■ **EXERCISE**
Each line below from the "for ALLGRAVURE Sayumi" line through the "失眠早上要多曬太陽！　疫情焦慮教你好睡方法" line, those two included, must be restated word for word; the pictures must not be.

Start of MATERIAL FOR THIS EXERCISE

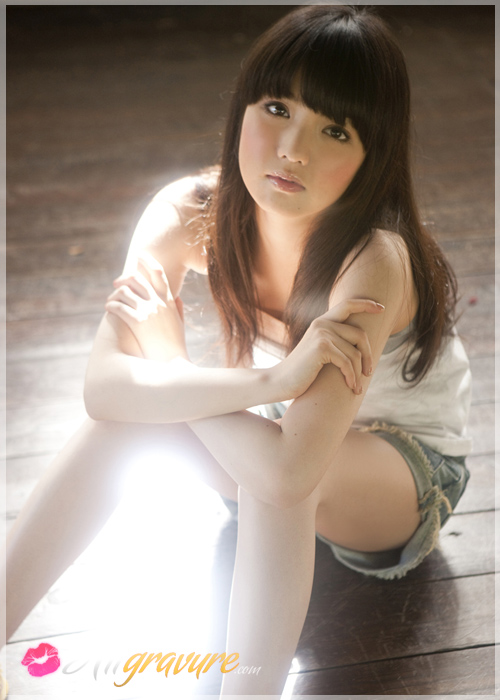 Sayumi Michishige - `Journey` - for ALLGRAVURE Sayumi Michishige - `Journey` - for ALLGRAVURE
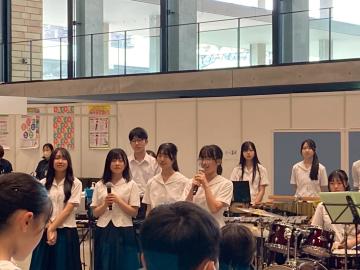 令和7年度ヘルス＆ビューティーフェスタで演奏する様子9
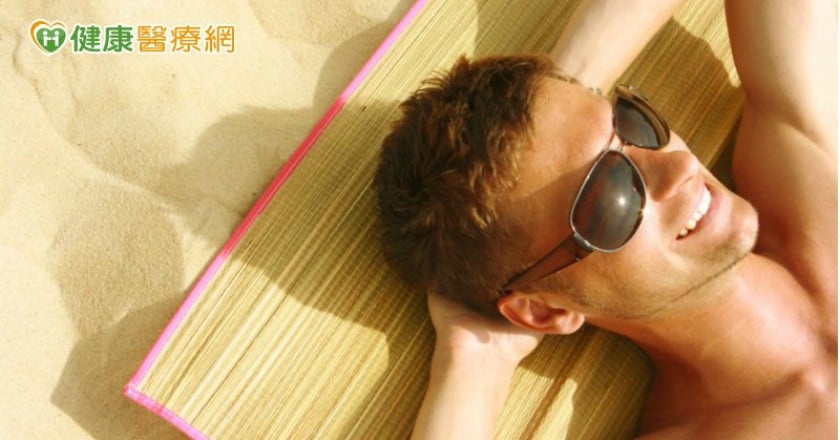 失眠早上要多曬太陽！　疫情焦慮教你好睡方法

End of MATERIAL FOR THIS EXERCISE
Start of MATERIAL FOR THIS EXERCISE

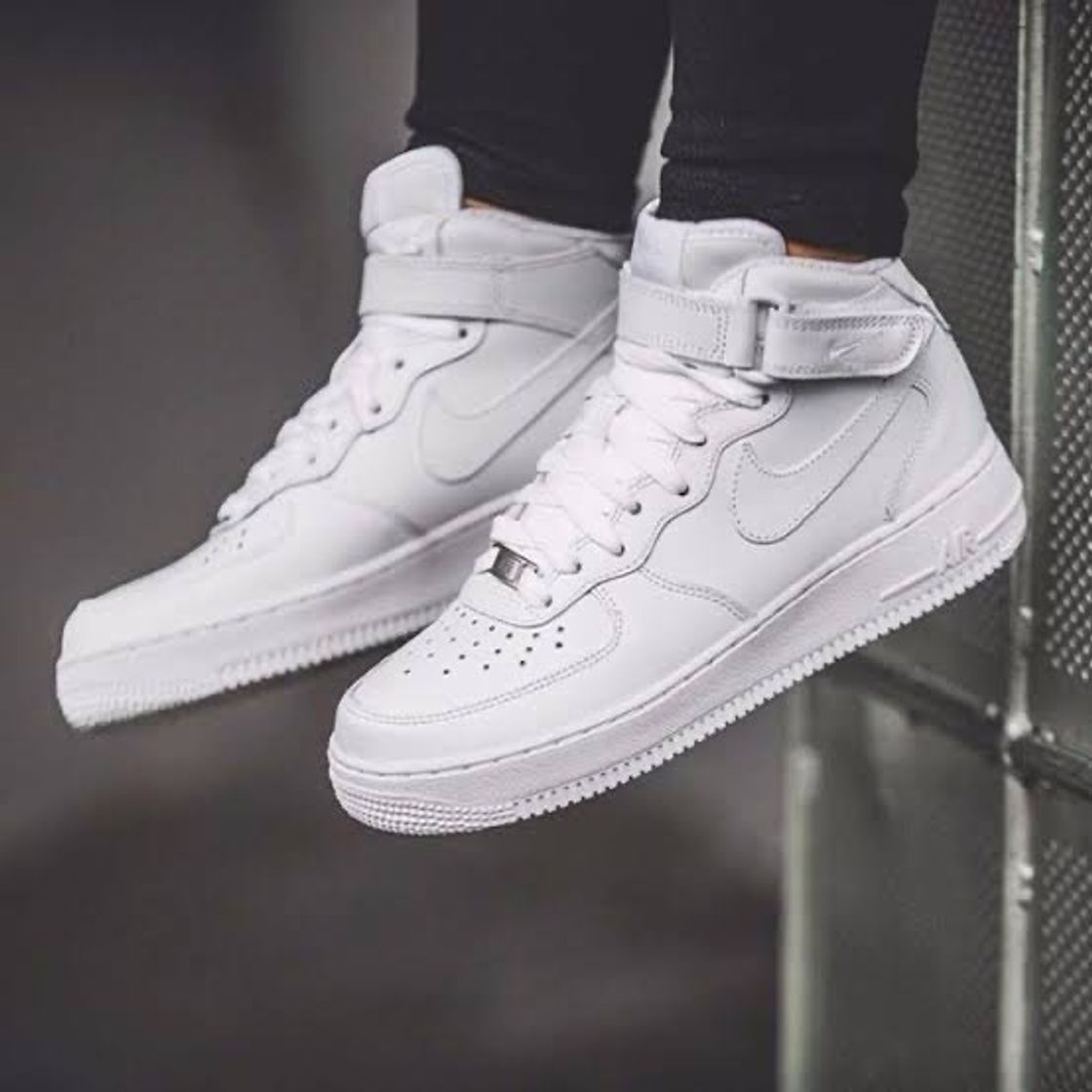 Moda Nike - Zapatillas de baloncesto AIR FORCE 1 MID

End of MATERIAL FOR THIS EXERCISE

■ **WRITTEN REPLY**
 Sayumi Michishige - `Journey` - for ALLGRAVURE Sayumi Michishige - `Journey` - for ALLGRAVURE
 令和7年度ヘルス＆ビューティーフェスタで演奏する様子9
 失眠早上要多曬太陽！　疫情焦慮教你好睡方法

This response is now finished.